Everything You Never Knew You Wanted to Know About Berlin
On February 13th at the Kirchhof I von Dreifältigkeitsgemeinde in Kreuzberg (part of Hallesches Tor Cemetaries) thousands of followers accompany Adolf Stoecker, their preacher and their leader, on his way to the grave.
Stoecker, between 1874 and 1890 the court chaplain to Kaiser Wilhelm II, was also the first head of Berliner Stadtmission – Christian charity established to support the city´s poor (it exits and provides help until today). The charity´s first seat was in the so called Schrippenkirche (Bread-Roll Church) in Johannistisch 5 (more about the church in the following post). And although the church and the street are gone, one of the branches of Berliner Stadtmission is still present there.
Stoecker´s style as a preacher, theologian and politician was so impressive that very soon the name of the church was changed from Schrippen– to Stoeckerkirche. Outspoken and authoritarian he managed to attract thousands of new fervent believers. Not the least through his openly and furiously anti-democratic as well as anti-semitic views which he vented regularly in public.
Adolf Stoecker, a staunch Lutheran, believed that German culture, German spirit were being corrupted by the new, rabid form of capitalism represented mostly by Jewish entrepreneurs. Jews were in his eyes an anti-Christian, foreign force with too strong and destructive influence on German society – he saw them as “watering down German values”, as “parasites infecting German culture”. Therefore he demanded putting legal limits to both their economic as well as political rights. He was also for establishing a strict quota for Jewish professors and other academics at what he held for “German” universities.
If all of that sounds familiar – and sound familiar it must – then it is not without a reason: already by the end of the 19th century Adolf Stoecker represented a relatively well-established and increasingly powerful group of German politicians, journalists and academics who openly expressed their distrust and sometimes even sheer hatred for the Israeliten among them.
Stoecker´s own political party, established in 1881 Christlich-Soziale Partei (Christian-Social Party) was planned as a Christian bulwark against the Communists and the Socialists duping the workers into following them. It was meant to help improve the living and working condition of the working class but just as much to fight Jewish conspiracy which these two political movements were allegedly part of (even though it is relatively easy to find strong anti-semitic currents within both movements as well).

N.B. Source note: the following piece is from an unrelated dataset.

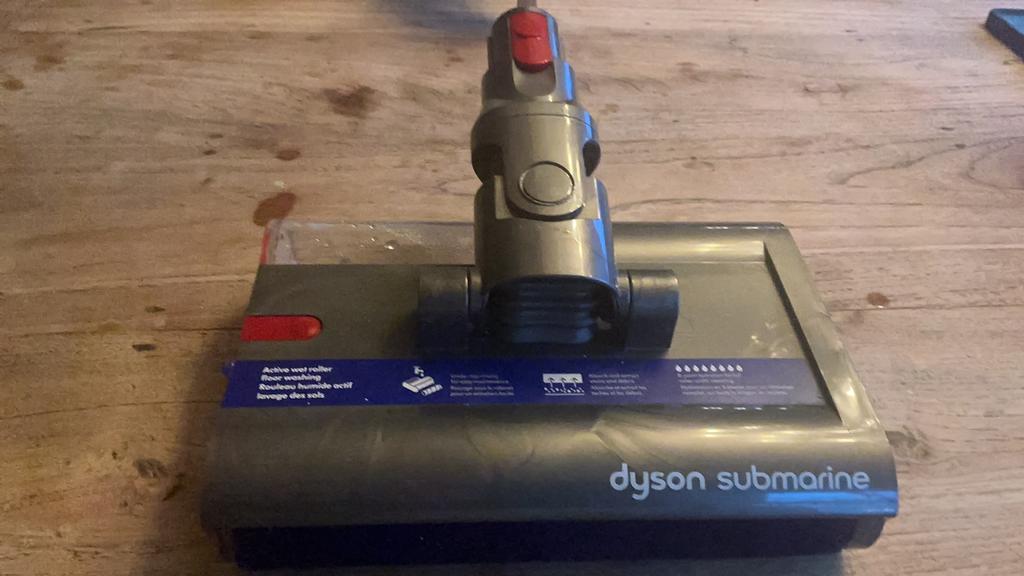 Dyson submarine V15 dweilborstel, Witgoed en Apparatuur, Stofzuigers, Ophalen, Zo goed als nieuw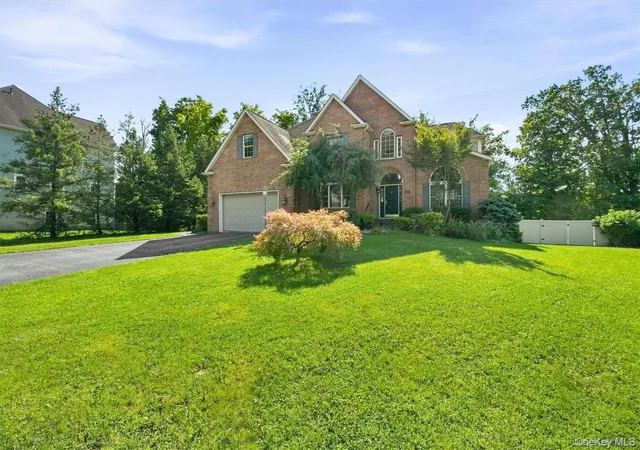 Photo 2 of Single family home for sale at 17 Arbor Ct, Poughkeepsie, NY 12603 | MLS# 1047033 | Listing updated on 2026-10-05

Although many historians wish to believe in Stoecker´s anti-semitism being “non-racial” and thus quite harmless (or less harmful, as some of them say), a quick scan of his recorded speeches and particularly of his 1879 work Unsere Forderungen an das moderne Judentum (What We Expect From Modern Jews) will prove their belief at best naive. Here is one typical paragraph from his book:
“Jews are and will always be a people within the people, a state within the state, a tribe of its own within a foreign race. Eventually all immigrants merge with the nation they live within. But not Jews. They oppose Germanic spirit with their unshakeable Semitism. They oppose Christianity with their cult of laws or with their hostility against Christian faith. We mustn´t judge them for that: as long as they are Jews, they cannot act any other way. However, we must be in the clear about the danger we have to protect ourselves from – the danger laying in such intermingling. There are 45,000 Jews living in Berlin only: as many as in the whole of France or in England. That is too much.”
Stoecker´s ideas will be actively picked up less than 50 years later by the Nazi party and its leader.